### Required action
Among the entries below, extract exactly the lines that run from the one with "伸缩线弹簧线2芯3芯4芯5芯6芯7芯8芯9芯螺旋电线电缆弹力线拉伸线" through the one with "不同寻常的爱/重组家庭好尴尬", both ends included.

### Source material
◇ ◇ ◇ ◇
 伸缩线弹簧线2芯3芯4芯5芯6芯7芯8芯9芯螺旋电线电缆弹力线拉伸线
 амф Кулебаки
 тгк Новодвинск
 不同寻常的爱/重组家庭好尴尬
◇ ◇ ◇ ◇
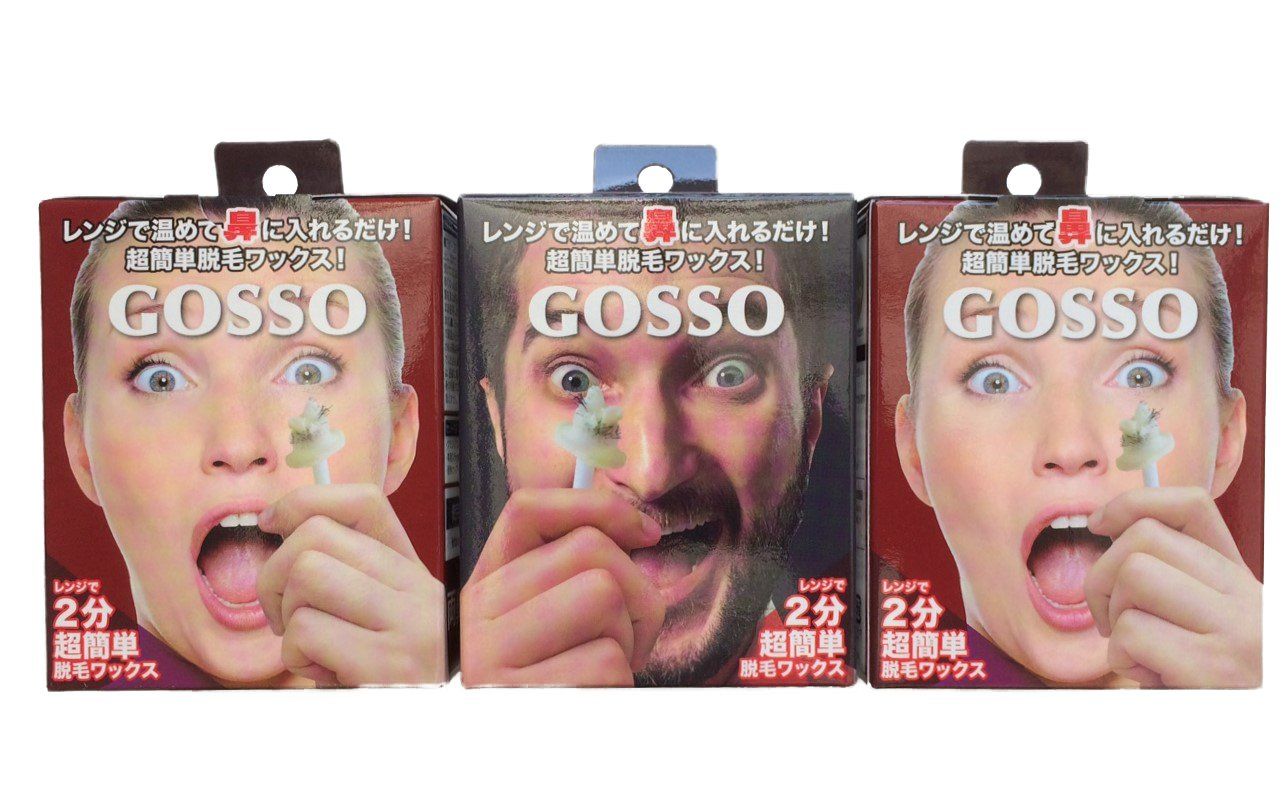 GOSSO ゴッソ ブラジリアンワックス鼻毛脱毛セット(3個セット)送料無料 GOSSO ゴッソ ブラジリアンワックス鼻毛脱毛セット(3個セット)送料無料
◇ ◇ ◇ ◇
### Response to the exercise
 伸缩线弹簧线2芯3芯4芯5芯6芯7芯8芯9芯螺旋电线电缆弹力线拉伸线
 амф Кулебаки
 тгк Новодвинск
 不同寻常的爱/重组家庭好尴尬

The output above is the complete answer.